This is a placeholder thread for reporting issues when upgrading using the LuCI Attended Sysupgrade app. The app itself will point to this thread as the place to report issues (it currently says you should report issues on the ASU github, where they go unnoticed).
I am having an issue with what I think is a stale build, and I can't get the expected ASU customized image.
When the ASU server was broken yesterday, one of my systems was at position 80 in the queue, but I had closed the window and came back to it later today. Now, when I click on the request build button, it doesn't show the build process. Rather, after a few seconds, it jumps to the "Successfully created firmware image" modal. But, the download link doesn't work (page not found) -- I'm guessing that the file was already purged from the ASU server. But, I don't seem to be able to get it to actually build a new image. I restarted the device, but that didn't change the situation.

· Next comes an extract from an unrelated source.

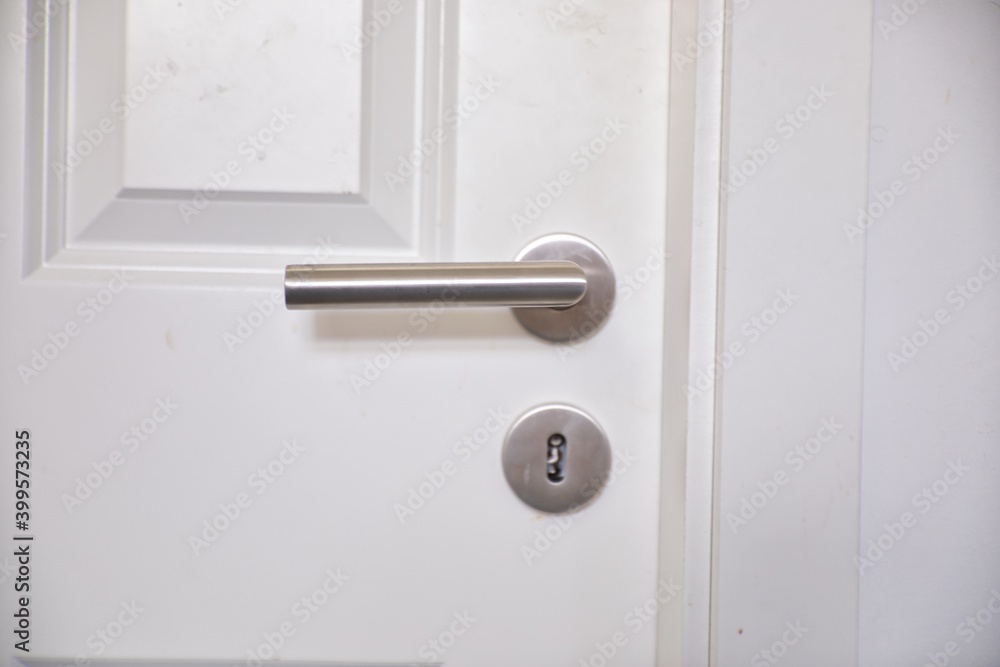 Metal Handle and Keyhole on Wooden Door Metal Handle and Keyhole on Wooden Door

Any ideas how I can force it to actually build via ASU? Would you like me to share the link?
Same issue here as @psherman. Requested an image on April 20th, which was about 2500 in the queue. After a few hours I closed the window, and now when I go back and request again it immediately says the image has been built but the image download page cannot be found (I assume it was purged). Similarly, I can't force it to build a fresh image via ASU. Any ideas on how to work around this?
I've just searched for firmware updgrade but the Sha 256 reported doesn't match what's shown at the official firmware selector
The attended sysupgrade output:
Oh... is this because the attended sysupgrade includes layered packages?

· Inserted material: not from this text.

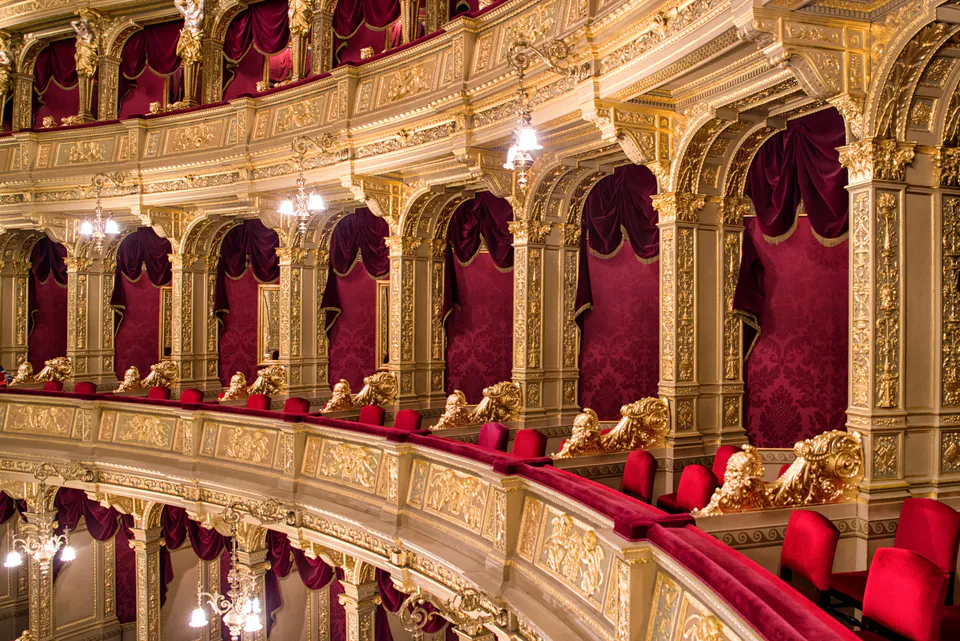 Ornate gilded balconies with red velvet seating inside historic opera house theater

Oh 2... I also see there's an update for attended sysupgrade I hadn't installed yet but even after updates and reboot, sysupgrade is still defaulting to the firmware with a different hash.
OK, I manged to force the creation of a new firmware image using ASU by simply adding a new package to my existing Openwrt instance (something basic like some extra statistics using collectd. That forces a new build.
For me, it turns out to be no help because my BPI R3 needs a fresh install as I'd previously changed NAND flash layout (otherwise Openwrt wouldn't take advantage of the extra storage in an R3). But for others, hopefully this is an easy workaround.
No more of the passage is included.